Test Validity
This is a re-write of a post I did in 2016. I raise the issues again now because September is nigh, and thus the owners of high stakes exams are rubbing their hands in anticipation of all the lovely money that's going to come tumbling in - more than 500,000 people will pay approx. $250 each to take the IELTS test, for example.
Does a test accurately measure what it’s supposed to measure? If it does, it’s a valid test. Easy, right? But maybe a bit too easy. Cronbach and Meehl (1955) introduced the ‘trinitarian’ view of validity which was dominant until the 1990s. Validity was seen as comprising content validity
Large-scale tests are often used by the state or other authorities to ration limited resources and opportunities, and such tests are currently being used all over the world to achieve a wide range of political goals, including curbing immigration and promoting private education. Shohamy (2001) argues that “centralized systems” use externally imposed, standardized, one-shot, high-stakes tests to control educational systems by defining what kind of knowledge is prestigious. Glenn Fulcher goes further and suggests that we need to understand the political philosophies which lead to centralised or decentralised types of government, and their associated ways of using tests as policy tools. Fulcher argues that “depending on where a political philosophy stands on the cline between the state and the individual, we can identify the kind of government likely to be favoured, and the kind of society valued. It is my contention that it also explains (and predicts) the uses of tests that we are likely to find” (Fulcher, 2009, p. 5).

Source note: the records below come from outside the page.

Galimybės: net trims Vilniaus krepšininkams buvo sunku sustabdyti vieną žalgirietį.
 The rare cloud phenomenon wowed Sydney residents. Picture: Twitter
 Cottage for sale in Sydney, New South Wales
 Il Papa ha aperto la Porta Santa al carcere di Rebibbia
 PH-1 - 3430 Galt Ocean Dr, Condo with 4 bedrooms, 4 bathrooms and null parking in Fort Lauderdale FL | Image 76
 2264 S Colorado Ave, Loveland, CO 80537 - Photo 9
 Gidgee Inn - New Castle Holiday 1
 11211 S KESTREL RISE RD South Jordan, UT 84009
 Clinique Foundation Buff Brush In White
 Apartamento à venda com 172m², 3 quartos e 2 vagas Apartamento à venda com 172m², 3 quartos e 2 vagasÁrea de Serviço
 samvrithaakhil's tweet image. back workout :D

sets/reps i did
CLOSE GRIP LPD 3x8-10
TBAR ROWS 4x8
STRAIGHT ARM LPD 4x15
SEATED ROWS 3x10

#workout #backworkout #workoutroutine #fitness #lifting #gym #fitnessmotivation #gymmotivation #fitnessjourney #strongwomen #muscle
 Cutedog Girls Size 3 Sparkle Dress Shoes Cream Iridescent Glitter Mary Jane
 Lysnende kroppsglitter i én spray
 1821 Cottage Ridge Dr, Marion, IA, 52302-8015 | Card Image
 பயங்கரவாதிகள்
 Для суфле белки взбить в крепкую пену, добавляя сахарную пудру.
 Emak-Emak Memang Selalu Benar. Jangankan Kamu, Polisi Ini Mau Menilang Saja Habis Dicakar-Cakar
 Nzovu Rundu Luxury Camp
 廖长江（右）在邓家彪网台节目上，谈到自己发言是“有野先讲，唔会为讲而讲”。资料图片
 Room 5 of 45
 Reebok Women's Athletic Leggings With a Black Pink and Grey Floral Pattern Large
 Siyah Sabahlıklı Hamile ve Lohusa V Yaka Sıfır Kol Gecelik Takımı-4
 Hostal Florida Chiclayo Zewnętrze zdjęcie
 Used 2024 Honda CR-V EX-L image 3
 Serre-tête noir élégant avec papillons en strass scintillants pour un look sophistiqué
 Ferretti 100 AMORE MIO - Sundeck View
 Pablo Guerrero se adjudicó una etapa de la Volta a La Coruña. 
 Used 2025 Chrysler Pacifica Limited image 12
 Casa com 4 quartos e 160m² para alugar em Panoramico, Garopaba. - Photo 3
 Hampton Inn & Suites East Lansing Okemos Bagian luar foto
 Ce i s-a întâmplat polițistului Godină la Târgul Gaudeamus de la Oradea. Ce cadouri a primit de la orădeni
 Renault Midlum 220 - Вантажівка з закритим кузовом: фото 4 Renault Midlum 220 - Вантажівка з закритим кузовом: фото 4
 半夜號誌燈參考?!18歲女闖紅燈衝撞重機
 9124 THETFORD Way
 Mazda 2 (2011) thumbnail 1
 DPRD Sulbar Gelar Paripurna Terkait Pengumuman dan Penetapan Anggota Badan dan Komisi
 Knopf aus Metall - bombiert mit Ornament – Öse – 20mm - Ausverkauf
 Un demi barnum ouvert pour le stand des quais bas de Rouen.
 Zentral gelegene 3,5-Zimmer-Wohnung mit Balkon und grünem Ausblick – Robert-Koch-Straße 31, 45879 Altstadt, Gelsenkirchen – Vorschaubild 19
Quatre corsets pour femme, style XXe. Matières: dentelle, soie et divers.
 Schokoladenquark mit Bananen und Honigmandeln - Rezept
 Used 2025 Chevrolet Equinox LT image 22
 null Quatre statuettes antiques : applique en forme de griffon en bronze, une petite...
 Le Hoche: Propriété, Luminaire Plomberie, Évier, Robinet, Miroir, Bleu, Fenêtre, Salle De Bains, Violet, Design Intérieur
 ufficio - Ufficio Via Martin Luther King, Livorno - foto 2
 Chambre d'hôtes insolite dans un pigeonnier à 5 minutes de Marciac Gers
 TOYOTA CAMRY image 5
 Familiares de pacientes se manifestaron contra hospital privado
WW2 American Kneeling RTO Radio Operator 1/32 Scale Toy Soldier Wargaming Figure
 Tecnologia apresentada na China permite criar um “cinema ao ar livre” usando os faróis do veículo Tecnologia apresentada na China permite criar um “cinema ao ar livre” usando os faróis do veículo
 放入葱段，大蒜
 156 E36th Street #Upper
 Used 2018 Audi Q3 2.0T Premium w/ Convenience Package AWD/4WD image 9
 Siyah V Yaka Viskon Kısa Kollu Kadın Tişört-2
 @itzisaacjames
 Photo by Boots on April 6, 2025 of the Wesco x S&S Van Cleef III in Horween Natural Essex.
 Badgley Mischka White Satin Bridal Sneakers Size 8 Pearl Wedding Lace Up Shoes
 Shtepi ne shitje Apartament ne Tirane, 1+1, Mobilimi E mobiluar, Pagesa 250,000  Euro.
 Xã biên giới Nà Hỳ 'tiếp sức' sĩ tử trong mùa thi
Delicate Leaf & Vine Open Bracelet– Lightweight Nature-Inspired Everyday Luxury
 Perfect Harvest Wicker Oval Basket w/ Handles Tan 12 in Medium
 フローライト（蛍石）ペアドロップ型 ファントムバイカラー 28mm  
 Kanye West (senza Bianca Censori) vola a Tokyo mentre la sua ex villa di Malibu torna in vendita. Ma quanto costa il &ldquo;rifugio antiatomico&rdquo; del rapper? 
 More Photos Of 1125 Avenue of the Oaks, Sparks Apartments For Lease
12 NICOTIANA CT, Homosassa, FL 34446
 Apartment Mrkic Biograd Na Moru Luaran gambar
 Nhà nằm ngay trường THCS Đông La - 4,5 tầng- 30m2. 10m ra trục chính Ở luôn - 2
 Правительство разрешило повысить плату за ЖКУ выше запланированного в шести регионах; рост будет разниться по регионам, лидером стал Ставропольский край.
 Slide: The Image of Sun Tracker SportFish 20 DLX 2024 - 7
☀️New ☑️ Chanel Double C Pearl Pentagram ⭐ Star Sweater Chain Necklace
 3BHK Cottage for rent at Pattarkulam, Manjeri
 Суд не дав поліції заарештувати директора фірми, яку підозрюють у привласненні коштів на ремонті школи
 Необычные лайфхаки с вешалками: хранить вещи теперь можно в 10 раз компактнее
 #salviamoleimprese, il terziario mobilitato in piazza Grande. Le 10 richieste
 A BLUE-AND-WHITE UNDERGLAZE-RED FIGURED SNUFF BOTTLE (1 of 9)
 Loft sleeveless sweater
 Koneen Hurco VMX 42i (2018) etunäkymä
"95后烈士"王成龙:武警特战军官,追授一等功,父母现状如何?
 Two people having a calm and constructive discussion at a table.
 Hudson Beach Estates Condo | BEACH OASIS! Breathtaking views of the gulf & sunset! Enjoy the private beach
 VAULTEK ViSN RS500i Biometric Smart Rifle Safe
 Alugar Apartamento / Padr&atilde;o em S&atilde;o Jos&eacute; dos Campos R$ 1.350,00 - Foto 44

Fulcher defines “collectivist societies” as “those in which the identity, life, and value of the individual is determined by membership of the state and its institutions. Decisions are made to benefit the collective and its survival rather than its individual members.” In contrast, “modern individualism” starts from the claim that, as Locke put it, “men are by nature all free, equal, and independent”, that “no one can be subjected to the political power of another without his own consent”, and that there are limits upon the authority of the state, such that laws apply to all equally, that they protect the rights of individuals and that laws can only be made by the legislative who must be democratically elected. I’m not entirely happy with Fulcher’s use of these two “isms”, but at least they don’t equate simply with left- and right-wing politics, and, anyway, they can certainly be used to examine test use.
Collectivism and Testing
Fulcher argues that in societies that tend towards collectivism, the centralization of both educational systems and testing is a priority. Modern collectives use testing to control the educational system, to select and allocate individuals to roles or tasks that benefit the collective, and to ensure uniformity and standardization. While we might think immediately of countries like North Korea or China in this regard, Fulcher argues that established democracies are not immune from “neocollectivism”: we need look no further than the UK.
Examples of centrally controlled standards-based education systems, with a high level of control over teacher training and school learning, are not hard to find (Brindley, 2008). The clearest example is that of the United Kingdom, which has systematically introduced standards-based testing in an accountability framework that ensures total state control over the national curriculum and national tests, as well as teacher training; even educational staff are rewarded or disciplined based on national league tables (Mansell, 2007). (Fulcher, 2009., p.7).
Fulcher argues that that these hyper-accountability policies are pursued by the state in an attempt to improve performance in the global market place; “the educational system is reengineered to deliver the kinds of people who will serve the perceived needs of the economy” (Fulcher, 2009, p.7).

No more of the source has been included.